Visualise Predictions & Credible Intervals

By sweeping attendance commitment (a key cost driver), we plot both the posterior mean program cost curve and its 94% credible band, illustrating how higher commitment reduces per‐participant cost—and how much uncertainty surrounds that estimate.

import numpy as np
import matplotlib.pyplot as plt

# Vary Attendance Commitment; hold other features at their median
commit_grid = np.linspace(X_train_s[:,4].min(), X_train_s[:,4].max(), 100)
grid = np.median(X_train_s, axis=0)[None,:].repeat(100, axis=0)
grid[:,4] = commit_grid

with fitness_cost_model:
    ppc_grid = pm.sample_posterior_predictive(trace,
                                              var_names=["Y_obs"],
                                              samples=1000)

preds     = ppc_grid["Y_obs"]
mean_pred = preds.mean(axis=0)
hpd       = az.hdi(preds, hdi_prob=0.94)

# Back-transform attendance commitment
commit_orig = scaler.inverse_transform(grid)[:,4]

plt.figure(figsize=(8,5))
plt.plot(commit_orig, mean_pred, label="Posterior mean")
plt.fill_between(commit_orig, hpd[:,0], hpd[:,1], alpha=0.3,
                 label="94% credible interval")
plt.scatter(
    scaler.inverse_transform(X_test_s)[:,4],
    y_test, color="k", alpha=0.5, label="Test data"
)
plt.xlabel("Attendance Commitment (%)")
plt.ylabel("Program Cost per Participant (USD)")
plt.title("Bayesian Regression: Cost vs. Attendance Commitment")
plt.legend()
plt.tight_layout()
plt.show()

Summary

This Bayesian Regression workflow for Fitness Program Cost Prediction delivers:

1. Accurate point estimates of participant‐level program cost from early enrollment metrics.

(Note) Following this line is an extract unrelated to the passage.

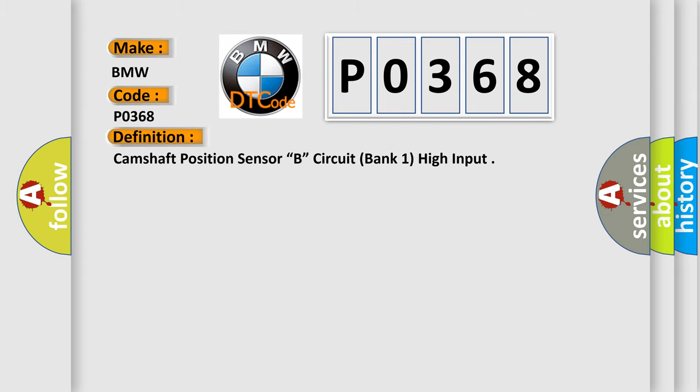The basic definition is Camshaft Position Sensor B Circuit Bank 1 High Input.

2. Credible intervals that quantify forecasting uncertainty—crucial for budget risk management.

3. Actionable insights: fitness operators can set program prices, allocate coaching staff, and negotiate facility contracts with full awareness of cost bounds—optimising both profitability and participant outcomes.